*Task prompt:* Which lines of the entries below run from the one holding "Gary Burton/Something's Coming! (Ltd)" to the one holding "2023 Hyundai Porter", inclusive? Set down exactly those lines and no others.

===== Material to process =====

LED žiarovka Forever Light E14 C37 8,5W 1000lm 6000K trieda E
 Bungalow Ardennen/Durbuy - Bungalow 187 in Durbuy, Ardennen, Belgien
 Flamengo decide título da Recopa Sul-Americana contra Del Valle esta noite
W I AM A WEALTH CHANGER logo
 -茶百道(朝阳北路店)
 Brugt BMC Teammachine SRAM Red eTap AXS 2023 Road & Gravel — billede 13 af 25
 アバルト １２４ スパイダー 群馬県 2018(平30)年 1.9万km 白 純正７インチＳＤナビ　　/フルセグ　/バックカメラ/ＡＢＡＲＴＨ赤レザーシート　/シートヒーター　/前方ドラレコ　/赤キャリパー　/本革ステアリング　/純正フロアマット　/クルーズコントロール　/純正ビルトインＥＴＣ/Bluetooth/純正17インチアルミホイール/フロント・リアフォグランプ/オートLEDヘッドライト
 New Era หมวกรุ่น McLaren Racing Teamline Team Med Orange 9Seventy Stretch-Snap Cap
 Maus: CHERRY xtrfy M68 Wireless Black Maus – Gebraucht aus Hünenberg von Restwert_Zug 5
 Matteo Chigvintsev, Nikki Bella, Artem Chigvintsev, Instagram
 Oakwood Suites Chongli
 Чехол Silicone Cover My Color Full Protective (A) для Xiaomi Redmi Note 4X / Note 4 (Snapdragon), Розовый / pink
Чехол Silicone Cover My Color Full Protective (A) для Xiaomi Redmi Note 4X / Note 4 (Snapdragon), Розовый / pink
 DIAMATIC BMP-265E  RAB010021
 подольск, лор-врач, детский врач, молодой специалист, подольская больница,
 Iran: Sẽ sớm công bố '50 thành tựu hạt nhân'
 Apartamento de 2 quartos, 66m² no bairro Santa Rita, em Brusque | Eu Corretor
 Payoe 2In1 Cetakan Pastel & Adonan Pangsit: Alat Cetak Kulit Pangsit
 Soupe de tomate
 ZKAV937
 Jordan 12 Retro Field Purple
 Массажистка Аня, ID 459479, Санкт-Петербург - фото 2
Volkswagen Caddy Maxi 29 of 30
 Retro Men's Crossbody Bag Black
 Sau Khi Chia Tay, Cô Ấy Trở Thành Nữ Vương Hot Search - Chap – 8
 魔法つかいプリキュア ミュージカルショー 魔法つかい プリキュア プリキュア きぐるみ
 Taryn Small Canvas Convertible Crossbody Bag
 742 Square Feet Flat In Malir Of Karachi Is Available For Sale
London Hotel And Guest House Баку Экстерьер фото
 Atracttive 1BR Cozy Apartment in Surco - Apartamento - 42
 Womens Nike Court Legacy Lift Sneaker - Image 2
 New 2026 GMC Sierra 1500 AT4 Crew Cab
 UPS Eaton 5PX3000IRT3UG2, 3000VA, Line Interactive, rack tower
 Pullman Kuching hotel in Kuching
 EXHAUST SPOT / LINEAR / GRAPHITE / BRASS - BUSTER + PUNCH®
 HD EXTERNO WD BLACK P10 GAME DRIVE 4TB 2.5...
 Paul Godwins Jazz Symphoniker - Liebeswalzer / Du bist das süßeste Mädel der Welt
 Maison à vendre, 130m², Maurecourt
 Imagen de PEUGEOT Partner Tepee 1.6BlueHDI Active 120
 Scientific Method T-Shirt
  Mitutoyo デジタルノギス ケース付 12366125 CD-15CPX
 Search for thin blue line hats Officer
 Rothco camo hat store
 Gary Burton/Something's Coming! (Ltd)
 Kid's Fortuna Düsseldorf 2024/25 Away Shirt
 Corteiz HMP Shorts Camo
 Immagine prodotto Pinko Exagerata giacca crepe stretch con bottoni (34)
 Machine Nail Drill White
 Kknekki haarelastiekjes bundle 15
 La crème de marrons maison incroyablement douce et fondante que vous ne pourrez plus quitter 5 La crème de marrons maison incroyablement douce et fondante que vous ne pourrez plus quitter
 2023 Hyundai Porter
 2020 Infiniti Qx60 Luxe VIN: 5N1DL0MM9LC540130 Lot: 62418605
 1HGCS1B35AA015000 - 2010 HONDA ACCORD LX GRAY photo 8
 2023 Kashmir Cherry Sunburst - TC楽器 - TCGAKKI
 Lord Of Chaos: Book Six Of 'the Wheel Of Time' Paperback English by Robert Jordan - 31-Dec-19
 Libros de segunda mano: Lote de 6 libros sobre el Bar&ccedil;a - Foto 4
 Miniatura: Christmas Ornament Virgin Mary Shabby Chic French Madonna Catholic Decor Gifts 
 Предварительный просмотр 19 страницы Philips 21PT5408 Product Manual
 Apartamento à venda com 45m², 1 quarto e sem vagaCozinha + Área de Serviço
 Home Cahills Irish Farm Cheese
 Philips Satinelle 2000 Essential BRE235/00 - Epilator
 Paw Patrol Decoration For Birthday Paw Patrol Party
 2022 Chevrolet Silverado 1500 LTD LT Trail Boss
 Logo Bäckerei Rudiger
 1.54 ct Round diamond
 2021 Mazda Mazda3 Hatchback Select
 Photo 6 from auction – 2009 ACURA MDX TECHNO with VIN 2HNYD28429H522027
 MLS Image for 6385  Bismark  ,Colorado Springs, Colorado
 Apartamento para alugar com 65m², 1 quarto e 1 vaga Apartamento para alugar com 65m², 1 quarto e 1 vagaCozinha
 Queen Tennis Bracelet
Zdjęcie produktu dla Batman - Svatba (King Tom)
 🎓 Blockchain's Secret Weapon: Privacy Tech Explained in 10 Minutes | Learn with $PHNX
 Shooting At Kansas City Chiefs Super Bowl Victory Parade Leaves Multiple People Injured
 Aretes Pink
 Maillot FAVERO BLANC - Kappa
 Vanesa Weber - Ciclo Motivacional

=====

*Result of the exercise:*
 Gary Burton/Something's Coming! (Ltd)
 Kid's Fortuna Düsseldorf 2024/25 Away Shirt
 Corteiz HMP Shorts Camo
 Immagine prodotto Pinko Exagerata giacca crepe stretch con bottoni (34)
 Machine Nail Drill White
 Kknekki haarelastiekjes bundle 15
 La crème de marrons maison incroyablement douce et fondante que vous ne pourrez plus quitter 5 La crème de marrons maison incroyablement douce et fondante que vous ne pourrez plus quitter
 2023 Hyundai Porter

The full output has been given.